Karen’s fascination with weaving began in Southern New Jersey in 1998 with a newspaper picture of a friendly looking woman weaving on a huge loom. Having sewed since junior high, and having developed an almost unhealthy obsession with fabric, Karen had one of those “aha” moments. Within a week, she was sitting at the same loom she’d seen in the picture with the truly friendly woman who would become her teacher, mentor and close friend handing her a shuttle. She threw three picks and never looked back.

She studied weaving for two years with Naomi, before being invited to join Naomi’s regular Thursday weaving class at South Jersey legend Doris Boyd’s house. Like most of Doris’ students, Karen claimed a loom and didn’t leave, weaving with Doris and the “Thursday girls” for the next nine years. Along the way, she became leader of the South Jersey Guild of Spinners & Handweavers, served on the board of the Mid-Atlantic Fiber Association and attended numerous guild workshops and conferences. A three-year self-study program earned her the Handweaving Guild of America’s Certificate of Excellence in Handweaving: Level I in 2008.In 2004, Karen began teaching weaving and found the only thing more rewarding than pulling a piece of finished cloth off the loom is watching a student do the same. In an effort to stay two steps ahead of her students at Sutherland, Karen enrolled in the Professional Crafts-Fiber program at Haywood Community College, near Asheville, in 2010.

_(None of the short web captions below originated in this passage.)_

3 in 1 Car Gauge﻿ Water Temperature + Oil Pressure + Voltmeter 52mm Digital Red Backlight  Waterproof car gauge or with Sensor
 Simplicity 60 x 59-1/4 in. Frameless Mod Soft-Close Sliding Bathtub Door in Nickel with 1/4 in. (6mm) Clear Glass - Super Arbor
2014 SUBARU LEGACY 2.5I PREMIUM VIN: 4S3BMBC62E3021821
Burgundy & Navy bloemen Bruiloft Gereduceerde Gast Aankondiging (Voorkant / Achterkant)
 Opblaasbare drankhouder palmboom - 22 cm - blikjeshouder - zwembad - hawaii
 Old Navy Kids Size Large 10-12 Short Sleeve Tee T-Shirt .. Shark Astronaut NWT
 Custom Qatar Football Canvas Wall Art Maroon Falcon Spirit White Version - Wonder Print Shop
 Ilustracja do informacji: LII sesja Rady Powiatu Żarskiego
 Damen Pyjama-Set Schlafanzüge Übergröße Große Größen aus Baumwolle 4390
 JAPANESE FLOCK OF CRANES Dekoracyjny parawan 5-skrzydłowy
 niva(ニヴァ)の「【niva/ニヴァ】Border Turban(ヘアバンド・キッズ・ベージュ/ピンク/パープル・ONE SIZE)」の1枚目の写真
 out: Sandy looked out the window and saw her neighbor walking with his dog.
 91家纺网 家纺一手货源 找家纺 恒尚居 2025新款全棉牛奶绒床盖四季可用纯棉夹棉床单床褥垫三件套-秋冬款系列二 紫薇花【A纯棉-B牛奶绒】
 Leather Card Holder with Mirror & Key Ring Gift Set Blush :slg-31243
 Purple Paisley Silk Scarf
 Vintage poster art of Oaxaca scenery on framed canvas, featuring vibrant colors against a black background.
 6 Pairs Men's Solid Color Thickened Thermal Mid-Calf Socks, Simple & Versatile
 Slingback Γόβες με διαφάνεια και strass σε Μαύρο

A journalist and freelance writer in her pre-weaving life, Karen has had nine articles published in Handwoven since 2006. Karen’s two grown sons and wonderful husband remain supportive of her weaving addiction, even if she does catch them rolling their eyes when she has prattled on about warps and wefts just a little too long.

Pattie Graver

Pattie Graver

Pattie Graver played with handspinning and knitting for a few years before finding out that her first love in the fiber world is handweaving. She sincerely does not understand why everyone doesn't weave. When she isn't at her loom, she is on her yoga mat, traveling, or smiling at thoughts of her sweet grandchildren. Pattie lives in Loveland, Colorado with her husband and several looms.